- DATA EXTRACT -
Segment Open
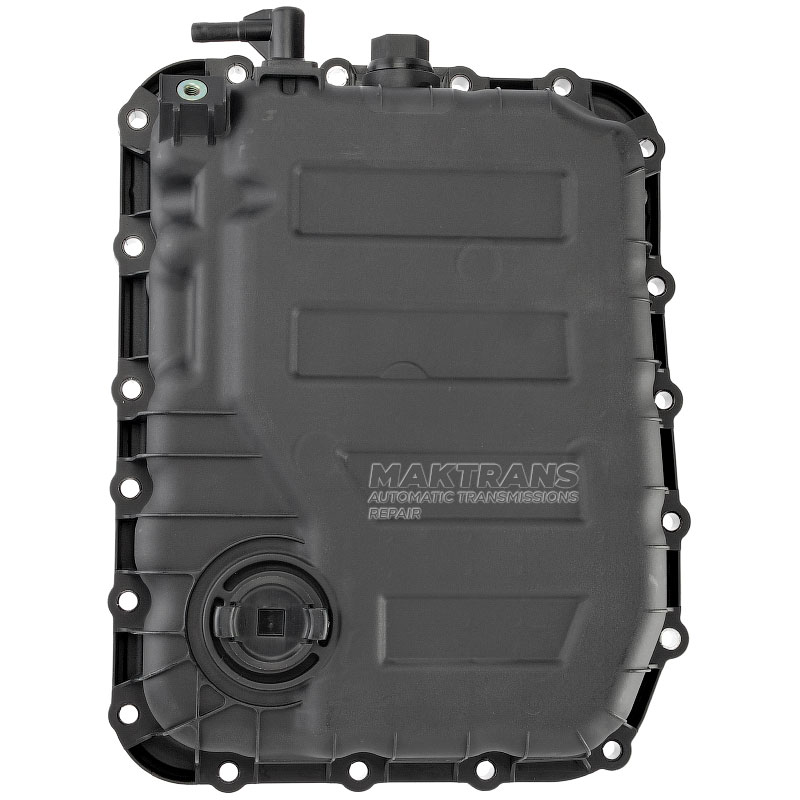 Піддон масляний / кришка гідроблоку (з прокладкою) Hyundai/KIA A6GF1, A6MF1 - 45280-2F010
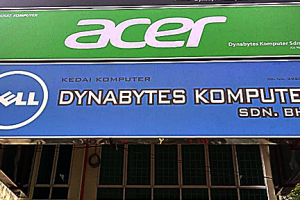 Dynabytes Komputer Raub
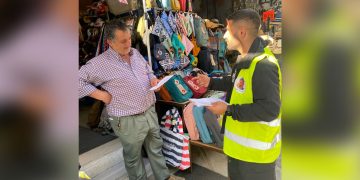 Atina’da TCŞ gençleri alana çıktı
Segment Closed
- YOUR ASSIGNMENT -
Return all of the material exactly, without pictures.

- EXERCISE OUTPUT -
 Піддон масляний / кришка гідроблоку (з прокладкою) Hyundai/KIA A6GF1, A6MF1 - 45280-2F010
 Dynabytes Komputer Raub
 Atina’da TCŞ gençleri alana çıktı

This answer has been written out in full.